◆ YOUR TASK: Repeat the listing that follows exactly. Pictures are not part of the copy.

◆ SUPPLIED INFORMATION:
[Start of Attachment]

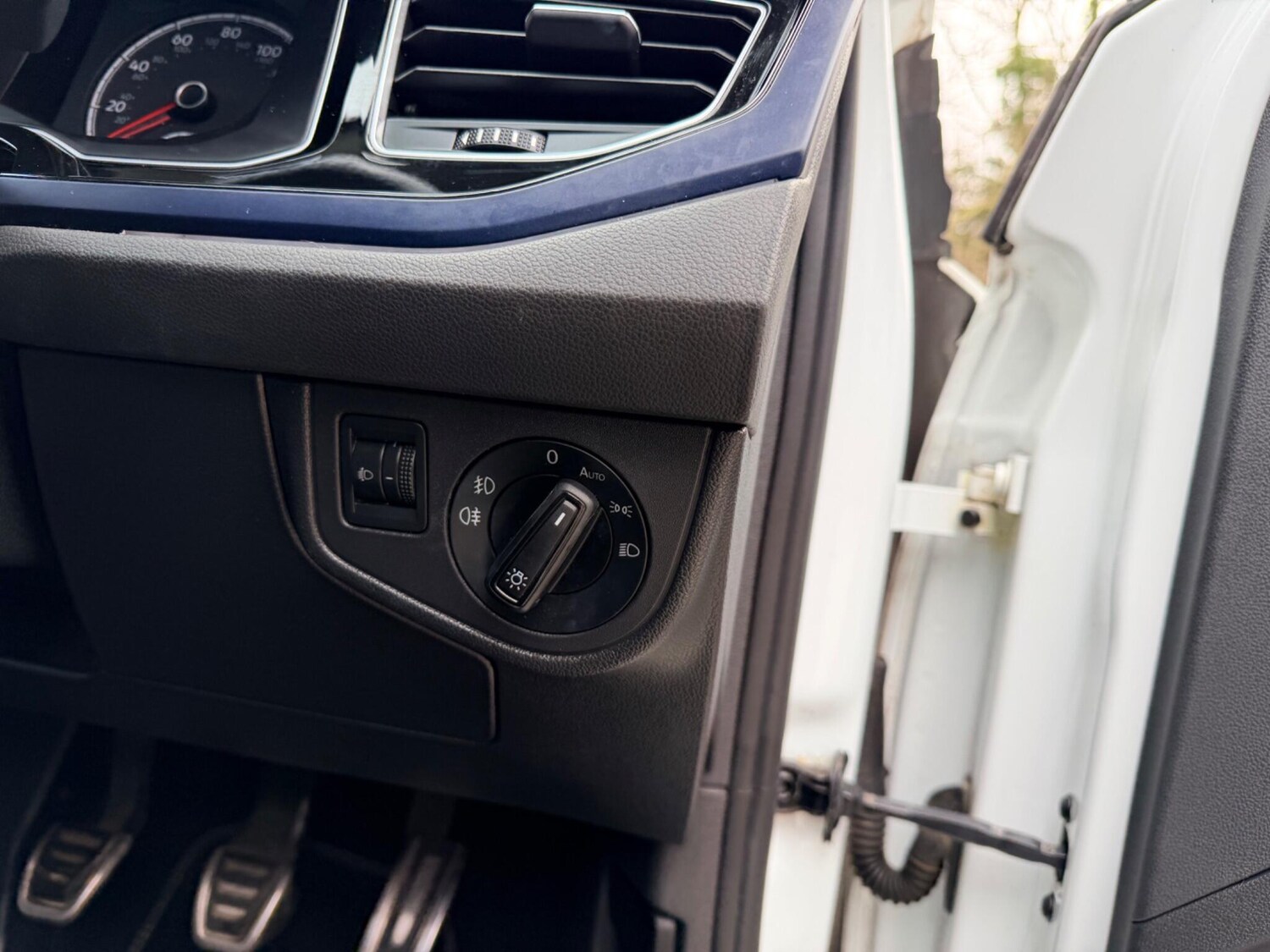 Used Volkswagen Polo 2020 for sale - 77524647: Photo 30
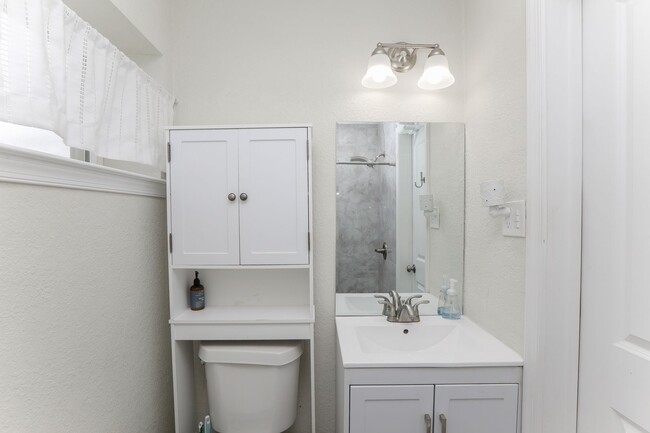 Building Photo - Stylish 3-Bed Brick Home in Central VB!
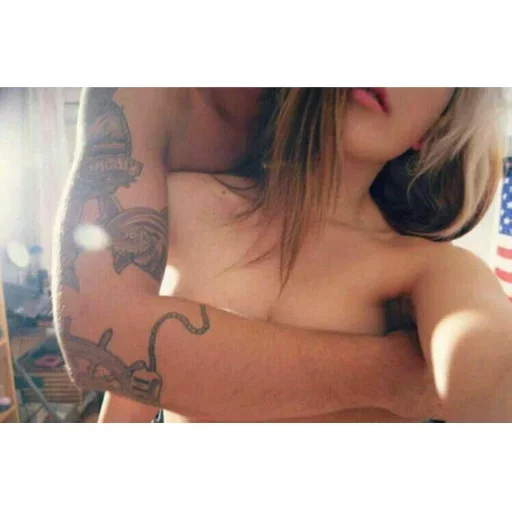 Эмодзи Open your door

[End of Attachment]

◆ EXERCISE ANSWER:
 Used Volkswagen Polo 2020 for sale - 77524647: Photo 30
 Building Photo - Stylish 3-Bed Brick Home in Central VB!
 Эмодзи Open your door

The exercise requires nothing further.